◆ **Problem statement**: Nothing but the lines below from the one that contains "Two boys on" through the one that contains "Before photo of" should be retyped, exactly and including both ends. Do not include pictures.

◆ **Entries shown**:
-- -- --

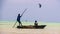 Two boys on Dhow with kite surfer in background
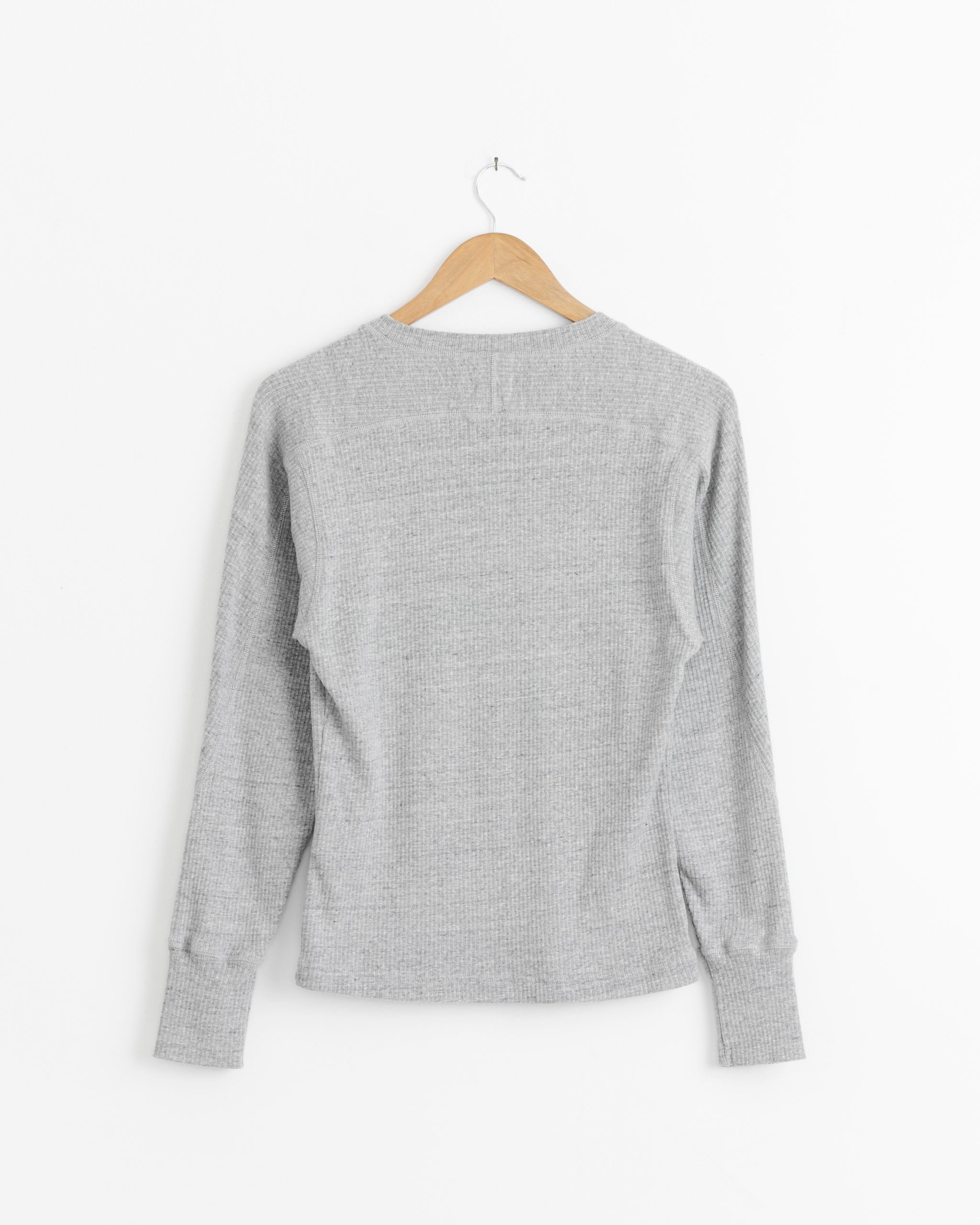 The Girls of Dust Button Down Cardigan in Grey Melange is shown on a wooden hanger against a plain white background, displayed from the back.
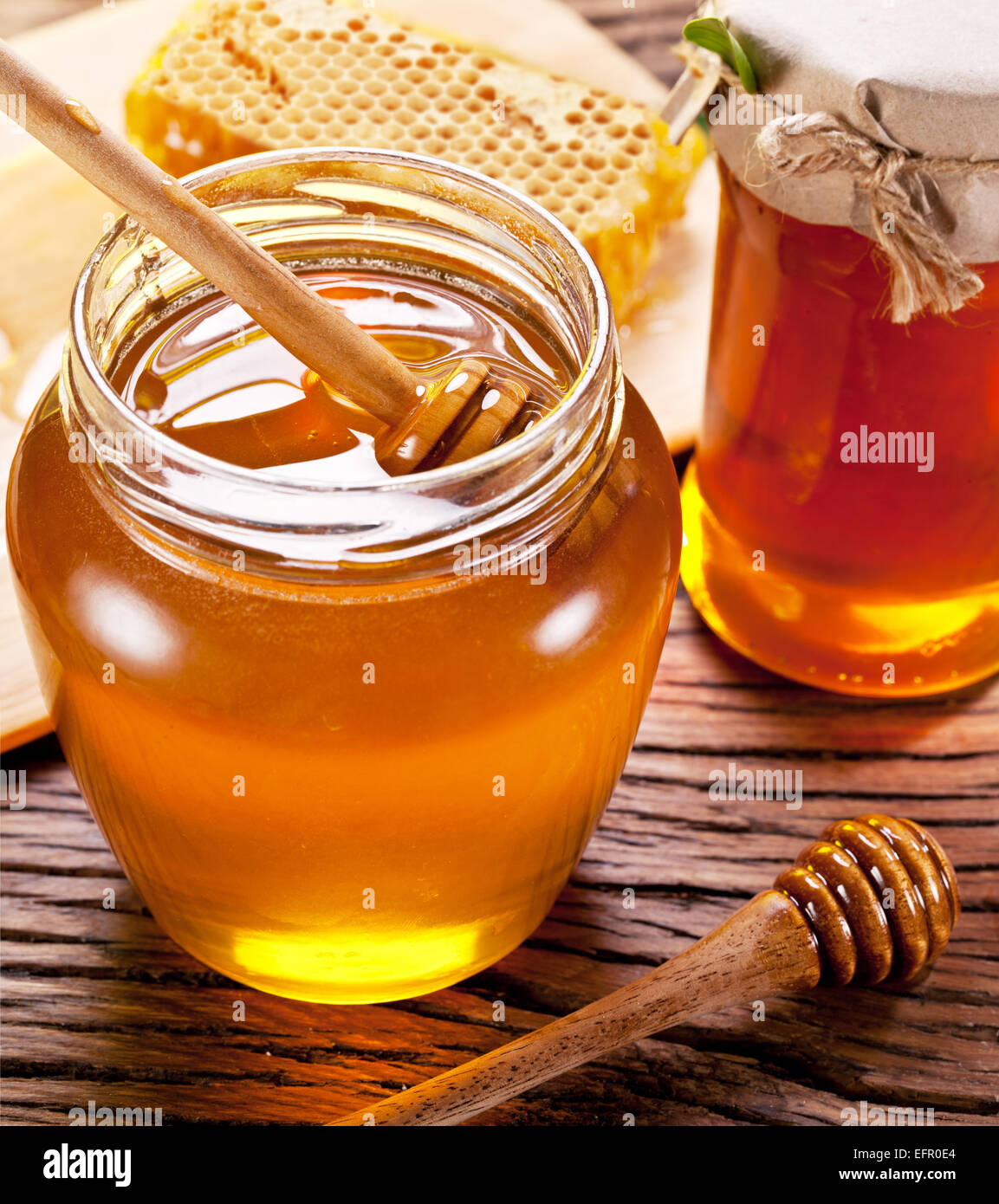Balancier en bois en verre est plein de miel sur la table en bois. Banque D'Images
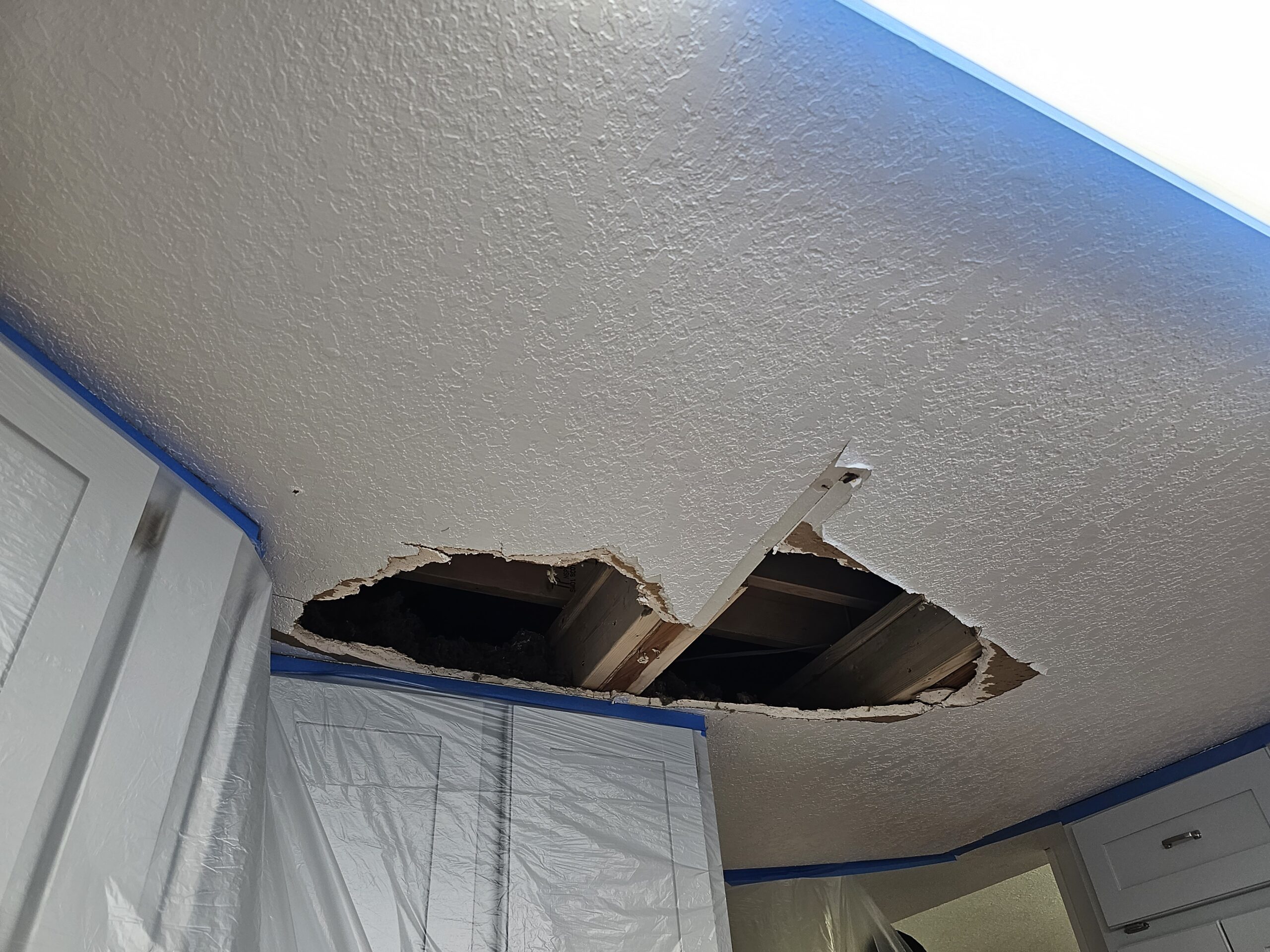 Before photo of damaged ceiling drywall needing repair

-- -- --

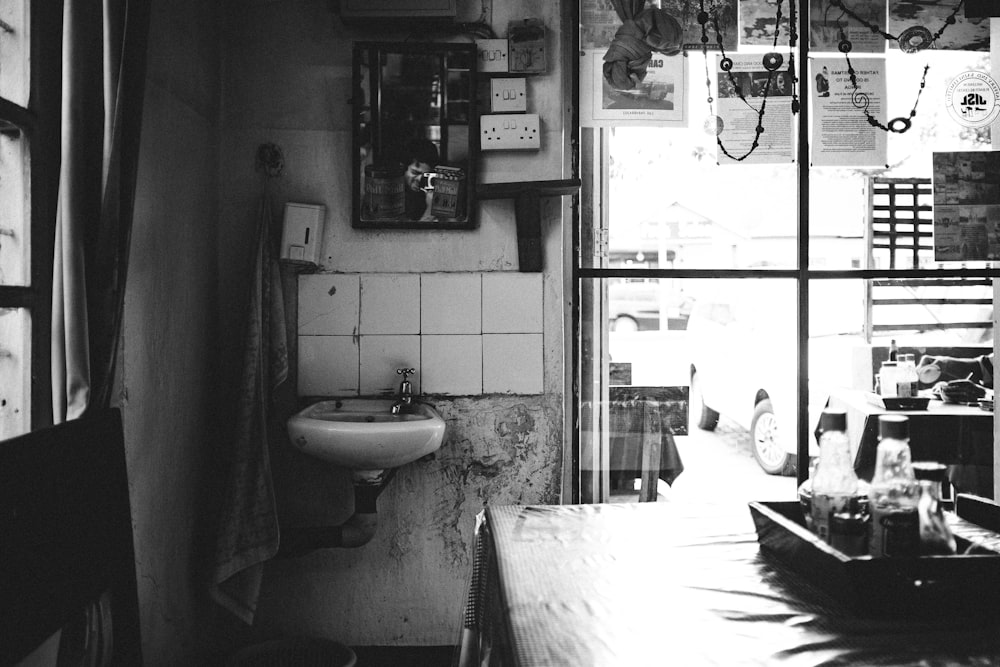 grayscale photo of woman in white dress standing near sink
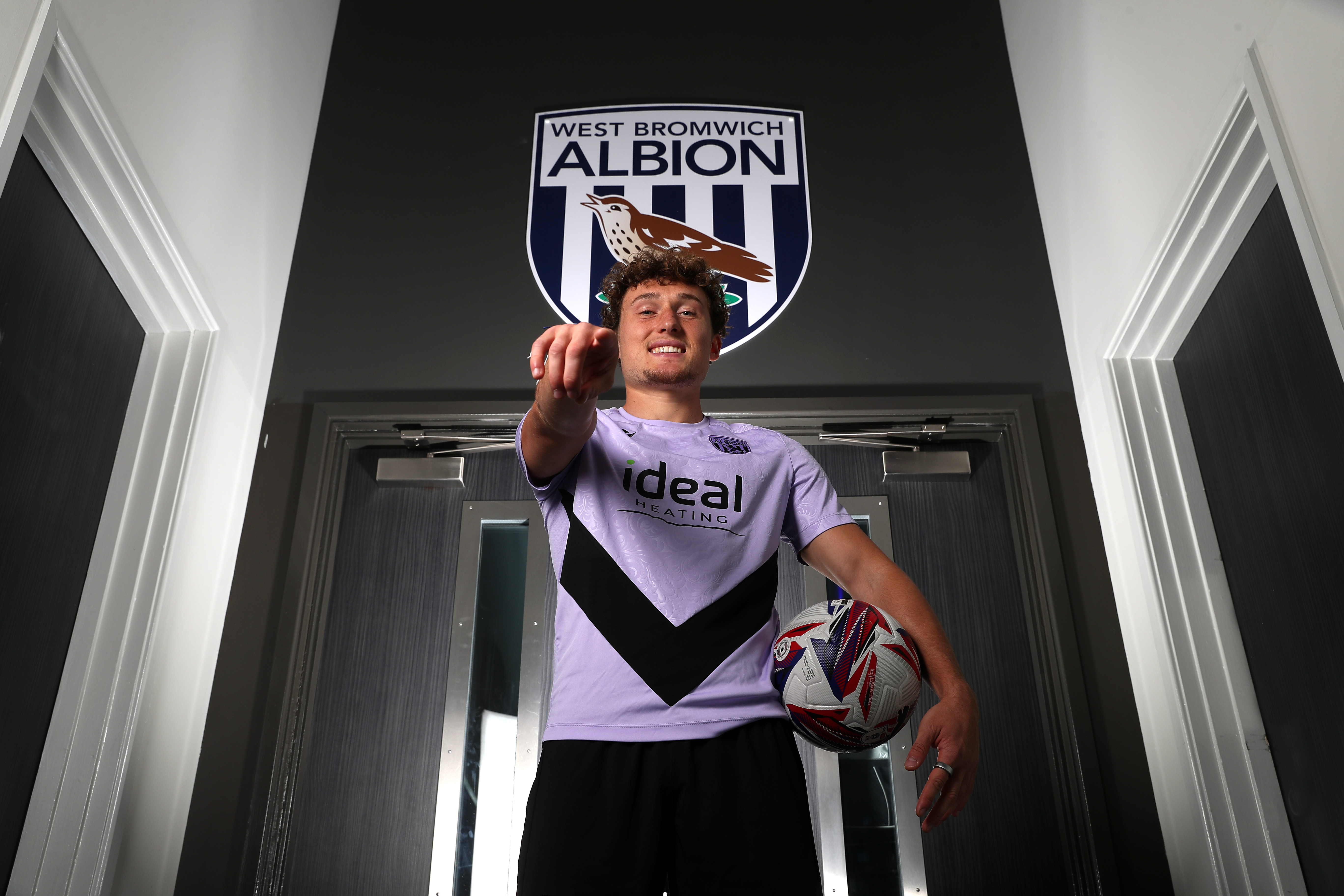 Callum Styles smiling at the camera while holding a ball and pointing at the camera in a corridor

-- -- --

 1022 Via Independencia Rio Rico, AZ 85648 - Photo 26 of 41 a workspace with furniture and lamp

-- -- --

◆ **Solution to the problem**:
 Two boys on Dhow with kite surfer in background
 The Girls of Dust Button Down Cardigan in Grey Melange is shown on a wooden hanger against a plain white background, displayed from the back.
Balancier en bois en verre est plein de miel sur la table en bois. Banque D'Images
 Before photo of damaged ceiling drywall needing repair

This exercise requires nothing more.